§ **EXERCISE BRIEF**
Here the job is to copy the data exactly and to exclude every image from it.

○ ○ ○

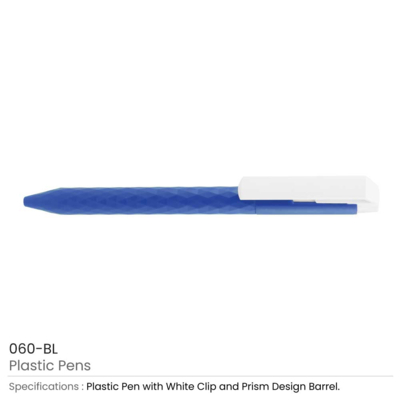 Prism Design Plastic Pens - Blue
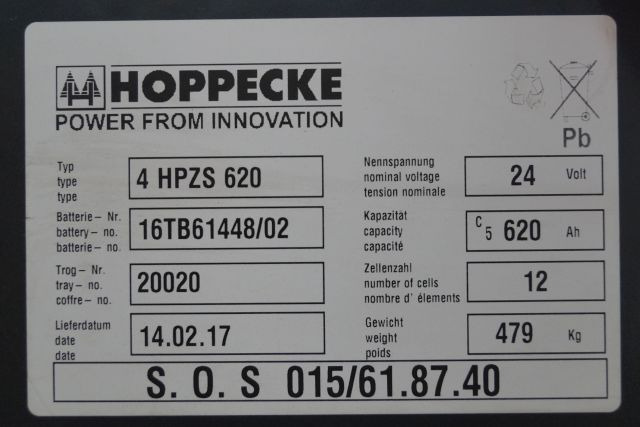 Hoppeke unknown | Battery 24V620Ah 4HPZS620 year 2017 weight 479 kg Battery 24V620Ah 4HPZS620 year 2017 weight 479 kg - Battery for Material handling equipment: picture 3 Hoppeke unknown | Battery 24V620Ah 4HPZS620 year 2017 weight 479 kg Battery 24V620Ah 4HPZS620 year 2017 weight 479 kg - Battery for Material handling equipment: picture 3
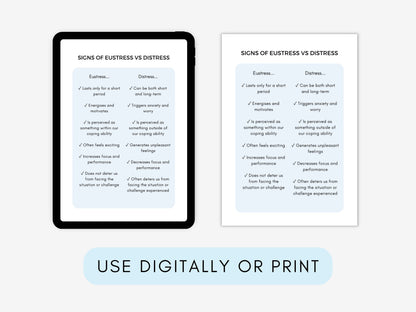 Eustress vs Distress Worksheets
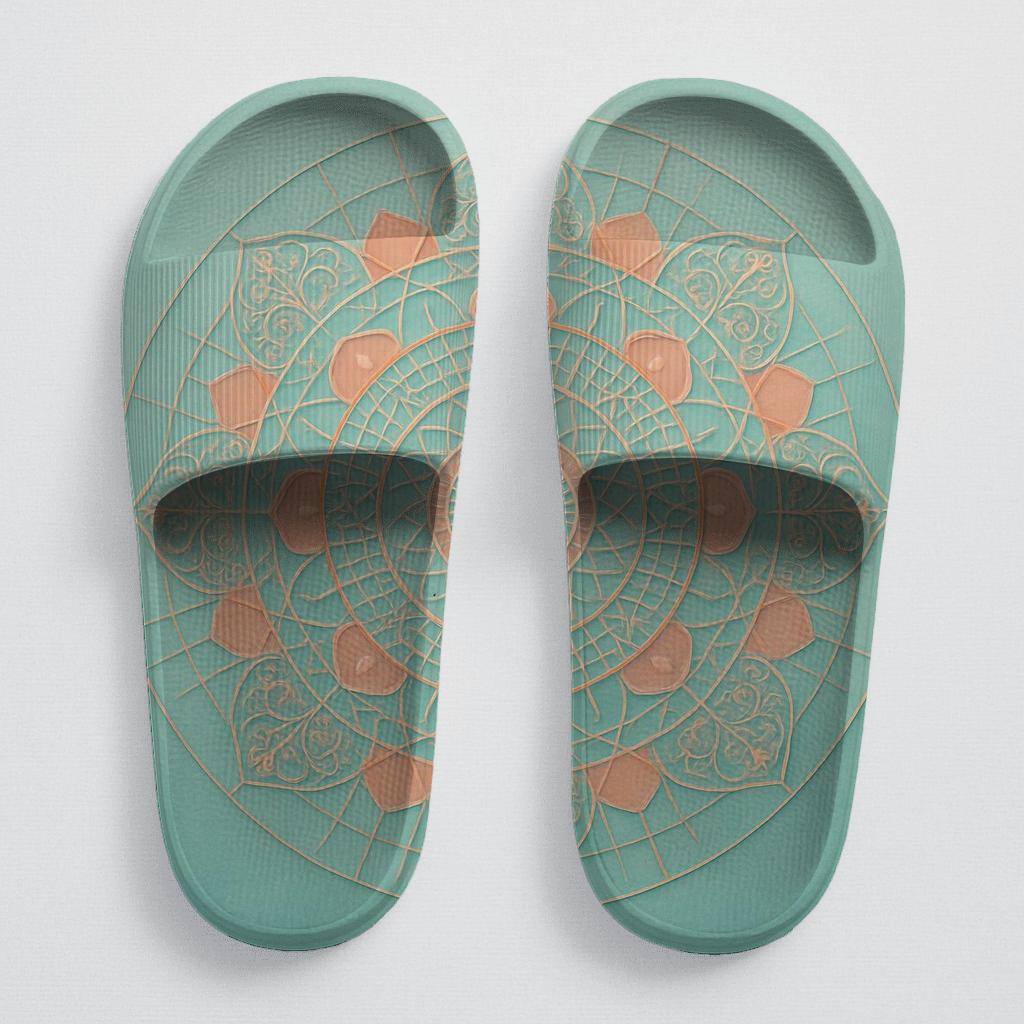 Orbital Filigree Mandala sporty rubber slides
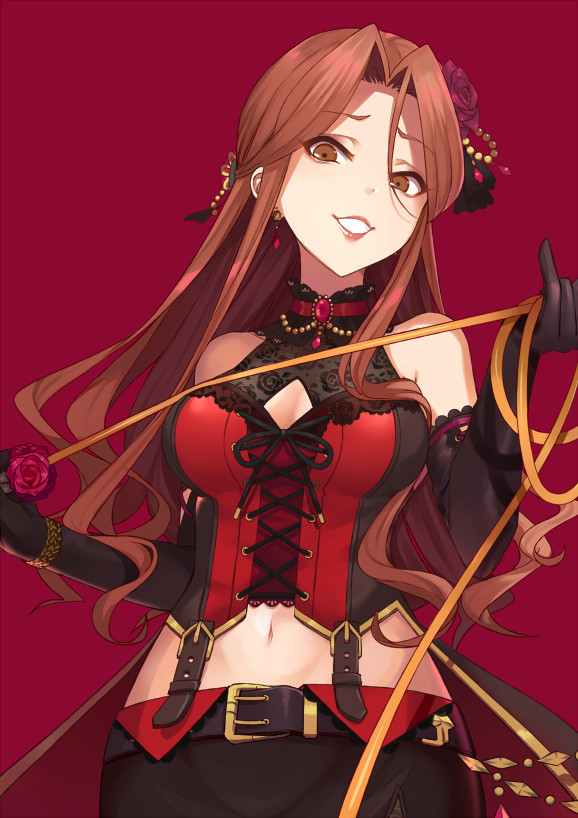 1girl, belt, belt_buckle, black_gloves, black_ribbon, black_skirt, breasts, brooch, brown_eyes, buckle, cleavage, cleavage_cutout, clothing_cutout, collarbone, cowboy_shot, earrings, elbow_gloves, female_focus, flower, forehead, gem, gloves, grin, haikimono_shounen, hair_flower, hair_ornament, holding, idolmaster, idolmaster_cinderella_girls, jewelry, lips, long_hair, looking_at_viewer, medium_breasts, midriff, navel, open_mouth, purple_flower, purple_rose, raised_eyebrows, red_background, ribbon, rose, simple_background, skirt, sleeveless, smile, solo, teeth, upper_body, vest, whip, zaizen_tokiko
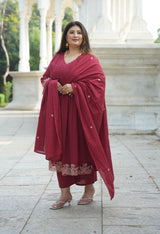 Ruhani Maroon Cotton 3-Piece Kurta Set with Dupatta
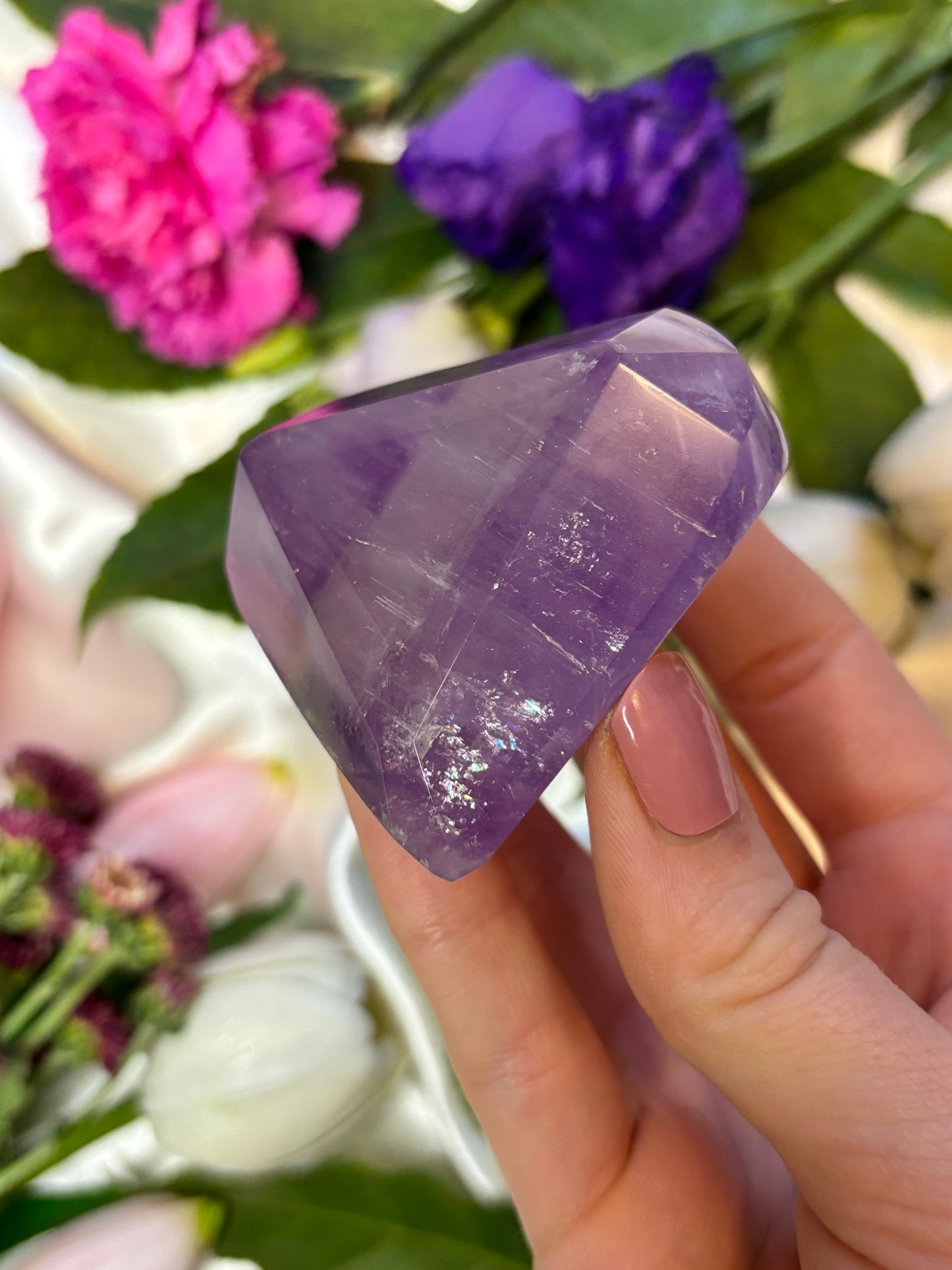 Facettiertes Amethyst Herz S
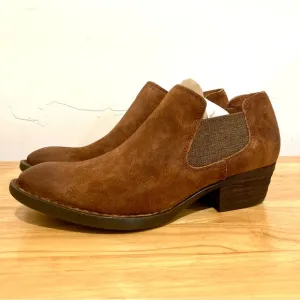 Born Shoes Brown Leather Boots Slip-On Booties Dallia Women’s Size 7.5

○ ○ ○

§ **RESPONSE AREA**
 Prism Design Plastic Pens - Blue
 Hoppeke unknown | Battery 24V620Ah 4HPZS620 year 2017 weight 479 kg Battery 24V620Ah 4HPZS620 year 2017 weight 479 kg - Battery for Material handling equipment: picture 3 Hoppeke unknown | Battery 24V620Ah 4HPZS620 year 2017 weight 479 kg Battery 24V620Ah 4HPZS620 year 2017 weight 479 kg - Battery for Material handling equipment: picture 3
 Eustress vs Distress Worksheets
 Orbital Filigree Mandala sporty rubber slides
 1girl, belt, belt_buckle, black_gloves, black_ribbon, black_skirt, breasts, brooch, brown_eyes, buckle, cleavage, cleavage_cutout, clothing_cutout, collarbone, cowboy_shot, earrings, elbow_gloves, female_focus, flower, forehead, gem, gloves, grin, haikimono_shounen, hair_flower, hair_ornament, holding, idolmaster, idolmaster_cinderella_girls, jewelry, lips, long_hair, looking_at_viewer, medium_breasts, midriff, navel, open_mouth, purple_flower, purple_rose, raised_eyebrows, red_background, ribbon, rose, simple_background, skirt, sleeveless, smile, solo, teeth, upper_body, vest, whip, zaizen_tokiko
 Ruhani Maroon Cotton 3-Piece Kurta Set with Dupatta
 Facettiertes Amethyst Herz S
 Born Shoes Brown Leather Boots Slip-On Booties Dallia Women’s Size 7.5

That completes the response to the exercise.